» **Data extract**:
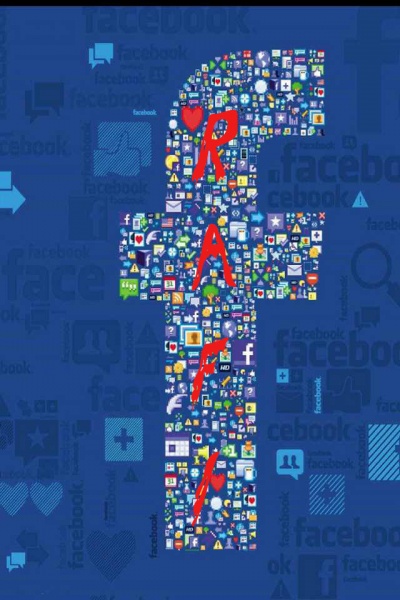 ফেসবুক এর জন্ম থেকে এই পর্যন্ত….!!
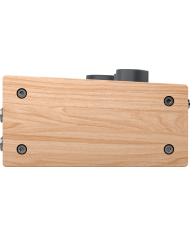 UNIVERSAL AUDIO VOLT 276
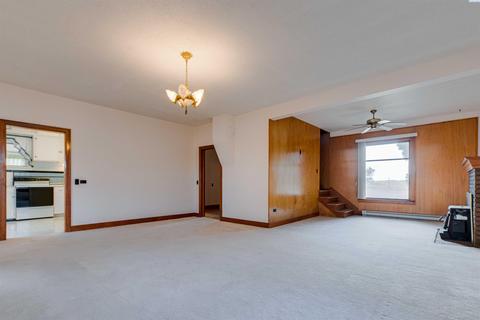 1901 Odonnell Rd, Pullman, WA 99163 photo 43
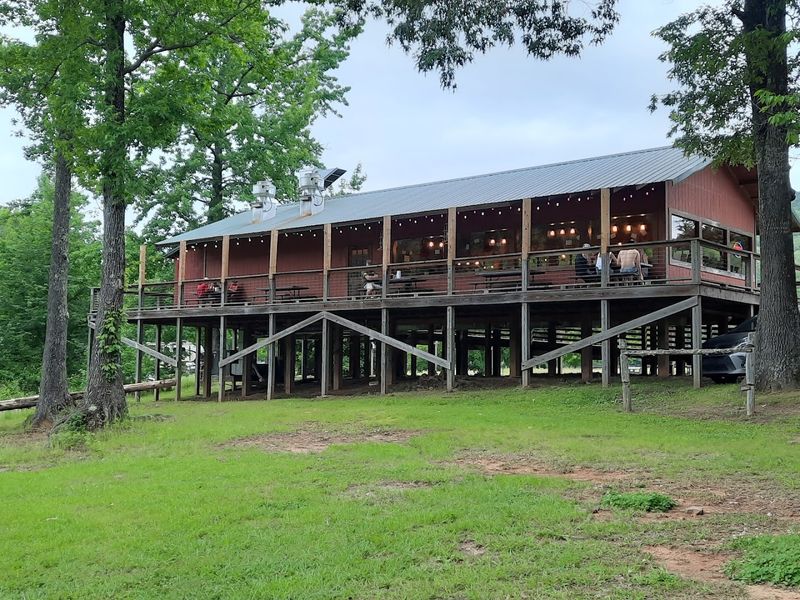 A Perfect First Visit Plan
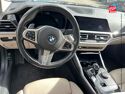 Véhicule d'occasion BMW SERIE 3 330IA 258CH M SPORT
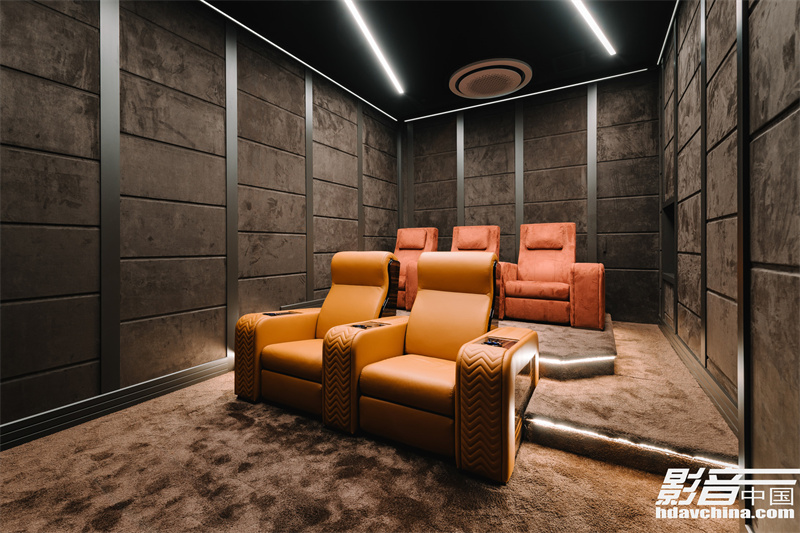 luxury-home-theater-vismara-samsung.jpg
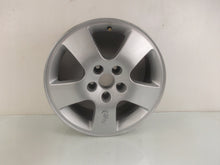 Laden Sie das Bild in den Galerie-Viewer, 1x Alufelge 16 Zoll 7.0&quot; 5x112 45ET 4B0601025F Audi A4 B6 Rim Wheel
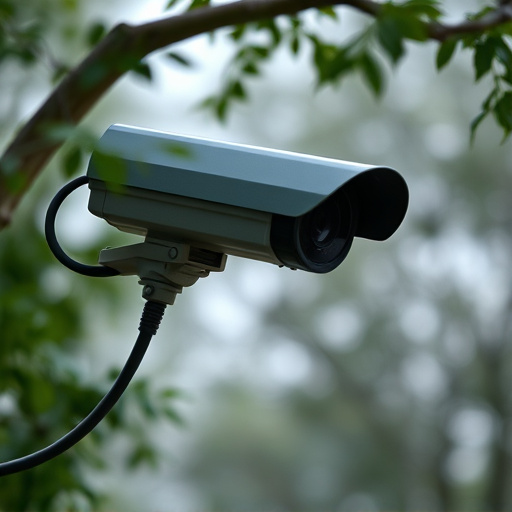 hidden-camera-640x480-63663257.jpeg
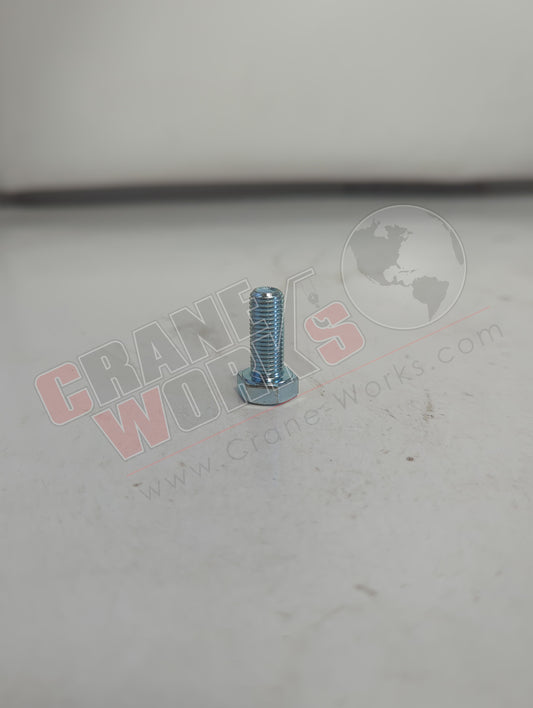 42258 | New Met 8.8 Hx Hd Cap Scr M8X1.00X20Mm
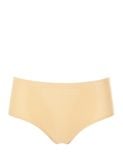  Combo 2 Quần lót nữ không đường may bonding thoáng khí lưng cao - PANW139 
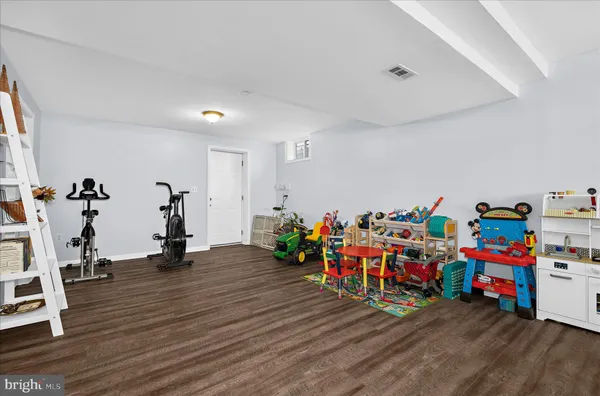 $485,000 | 753 210th Street, Pasadena, MD 21122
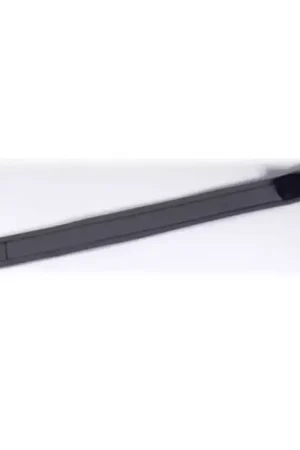 Accessoire coque O´pen Skiff BIC sangle o´pen fond de bateau Produit De Marque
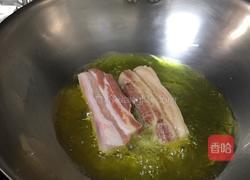 卤肉卤蛋的做法图解9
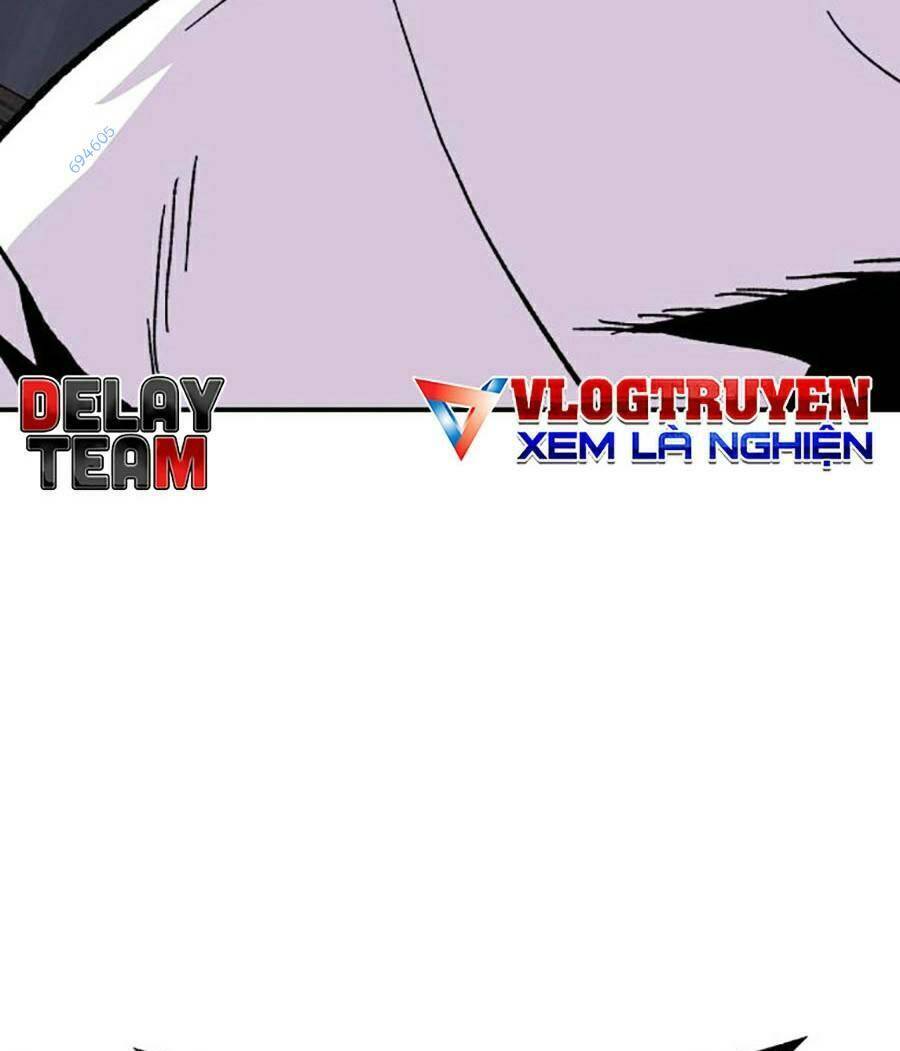 Nôn Tiền Ra Chap 11 - Next Chap 12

» **Task goal**: All of the material above must be retyped exactly, line for line, with the images dropped.

» **The completed task**:
 ফেসবুক এর জন্ম থেকে এই পর্যন্ত….!!
 UNIVERSAL AUDIO VOLT 276
 1901 Odonnell Rd, Pullman, WA 99163 photo 43
 A Perfect First Visit Plan
 Véhicule d'occasion BMW SERIE 3 330IA 258CH M SPORT
 luxury-home-theater-vismara-samsung.jpg
 Laden Sie das Bild in den Galerie-Viewer, 1x Alufelge 16 Zoll 7.0&quot; 5x112 45ET 4B0601025F Audi A4 B6 Rim Wheel
 hidden-camera-640x480-63663257.jpeg
 42258 | New Met 8.8 Hx Hd Cap Scr M8X1.00X20Mm
  Combo 2 Quần lót nữ không đường may bonding thoáng khí lưng cao - PANW139 
 $485,000 | 753 210th Street, Pasadena, MD 21122
 Accessoire coque O´pen Skiff BIC sangle o´pen fond de bateau Produit De Marque
 卤肉卤蛋的做法图解9
 Nôn Tiền Ra Chap 11 - Next Chap 12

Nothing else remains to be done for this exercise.